The following facts were adduced at trial. The defendant and the victim began dating in August 1995 and were living together by the late fall. In February 1996, the victim moved her belongings to a new apartment without the defendant's knowledge in an attempt to terminate their relationship. Over the course of the following month, the defendant attempted numerous times to convince her to continue their relationship. On March 10, 1996, the defendant approached the victim in the parking lot of her workplace as she arrived for work. She testified that the defendant blocked her from exiting her car, telling her that "we need to talk." She testified that the defendant then restrained her in her car, began to choke her, and told her that he was going to kill her. The victim testified that she was eventually able to free herself by kicking the defendant in the face. As she was running through the parking lot, the defendant shouted to her that he would kill her if she notified the police. She ran into her workplace and called the local police department. While at work, she completed a written police statement. The defendant was arrested later that day and was subsequently charged with attempted first degree assault for choking the victim and witness tampering for his threat to kill her if she called the police.

The defendant and the victim, however, continued to communicate during the months following the March 10th incident. She visited the defendant in the Strafford County House of Corrections on multiple occasions, and the defendant sent her a number of letters. She testified that during her visits, the defendant asked her to "change the story so that he didn't look as guilty." In a letter dated May 30, 1996, the defendant wrote to her that "I . . . went over your statements. They are very damaging. I hope that you will be able to lessen . . . their impact with your personal appearance in court." In a subsequent letter, the defendant urged her to be careful as to what she said to an assistant county attorney regarding the incident. She testified that on one visit to the house of corrections, the defendant handed her a "script" detailing his planned testimony at trial. He later called her and told her that he wanted her trial testimony to match his planned testimony. Notably, the version of the events in the "script" varied from the victim's original statement to the police in several ways that minimized the defendant's culpability. The scripted version of the March 10th incident stated that the defendant grabbed the victim by the "clavicle," not the neck, and contained no reference to the assertion that the defendant threatened to kill her if she called the police. Shortly before trial, the victim turned the letters and "script" over to the State, and these documents were entered into evidence at trial. The defendant's trial testimony essentially followed the "script" given to the victim. The defendant, however, denied that the "script" was intended to influence her, but rather contended that it was one of many "essays" written in prison that he later shared with her. The defendant was convicted of both charges, and this appeal followed.

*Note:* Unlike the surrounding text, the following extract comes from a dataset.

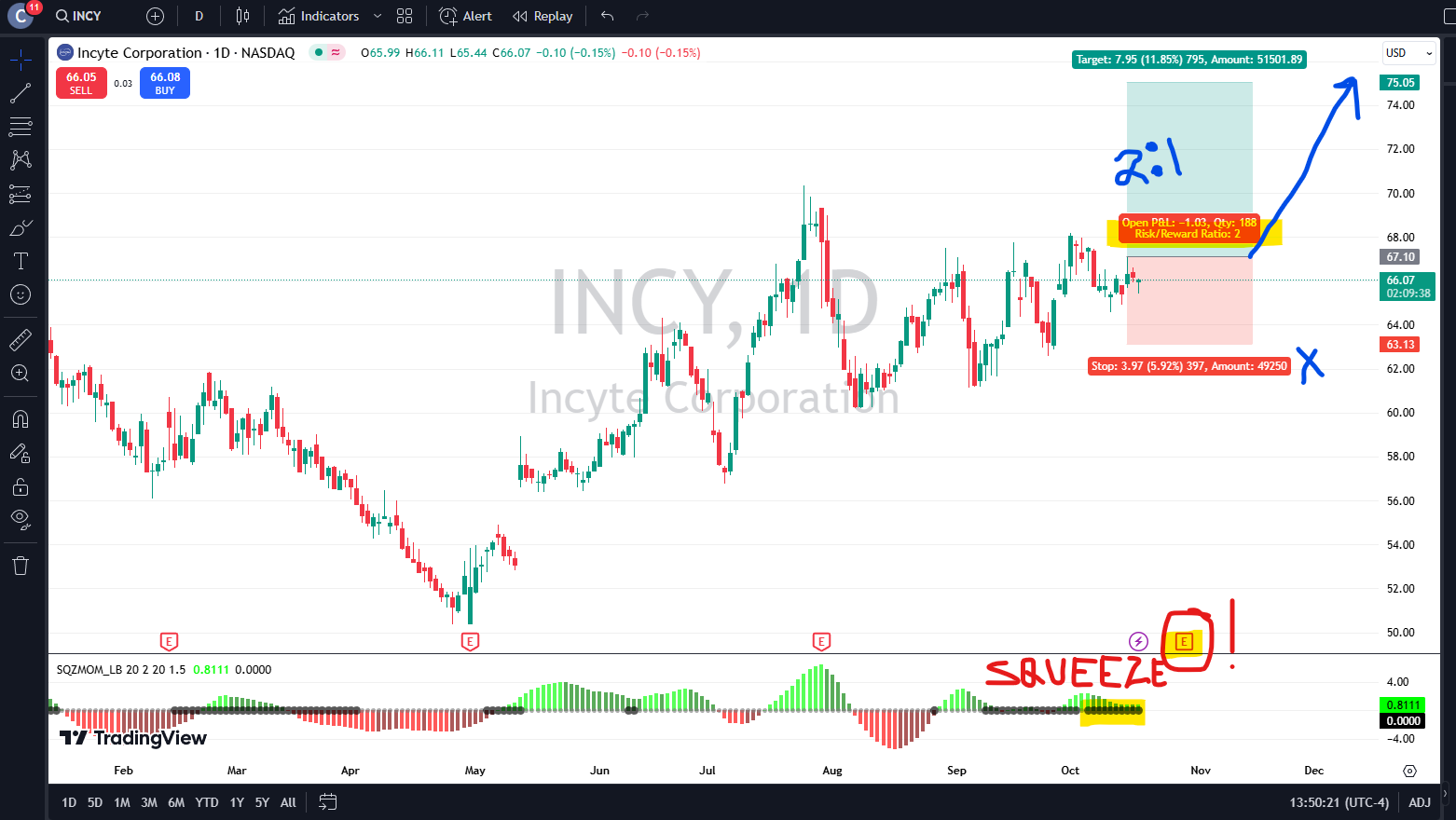 Incyte Corp (4)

I. Prior Consistent Statement

The defendant contends that the trial court erred in admitting, as a prior consistent statement, the victim's written statement given to police on the day of the assault. We have held:

While hearsay statements are generally inadmissible, we have long recognized the common law rule that a prior consistent statement is admissible for the nonsubstantive use of rehabilitating a witness's credibility. The admissibility of a prior consistent statement, for use in rehabilitating a witness's credibility, is a matter wholly within the discretion of the trial court.

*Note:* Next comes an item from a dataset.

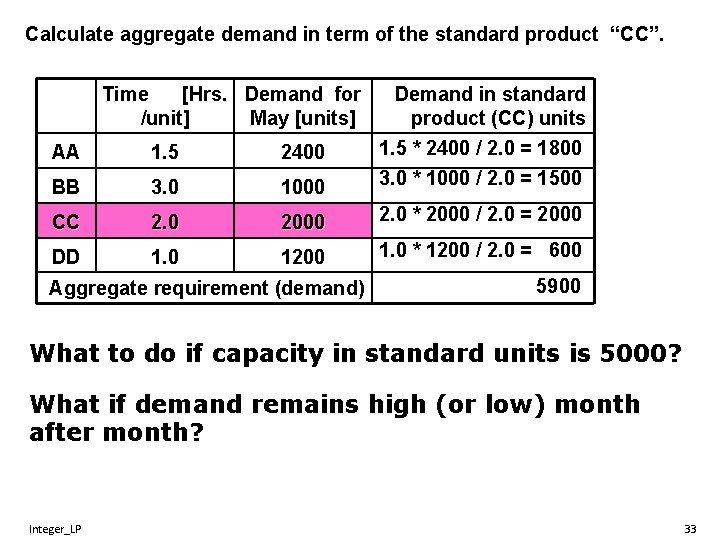 Calculate aggregate demand in term of the standard product “CC”. Time [Hrs. Demand for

State v. Hennessey, 142 N.H. 149, 159, 697 A.2d 930, 937 (1997) (citations and quotation omitted); see State v. Morales, 136 N.H. 616, 619, 620 A.2d 1034, 1036 (1993); cf. N.H. R. Ev. 801 (d)(1)(B) (under certain circumstances a prior consistent statement may be admitted as substantive evidence). The State argued at trial that admission of the statement was necessary to rehabilitate the credibility of the victim in order to rebut the theory of the defense that she was lying and to respond to a statement by a defense witness on cross-examination that the victim kept "changing everything she says all the time." The court ruled that the statement was admissible "to evaluate what [the victim] said at the time of the encounter" subject to an instruction that the jury may only use the statement to assess her credibility.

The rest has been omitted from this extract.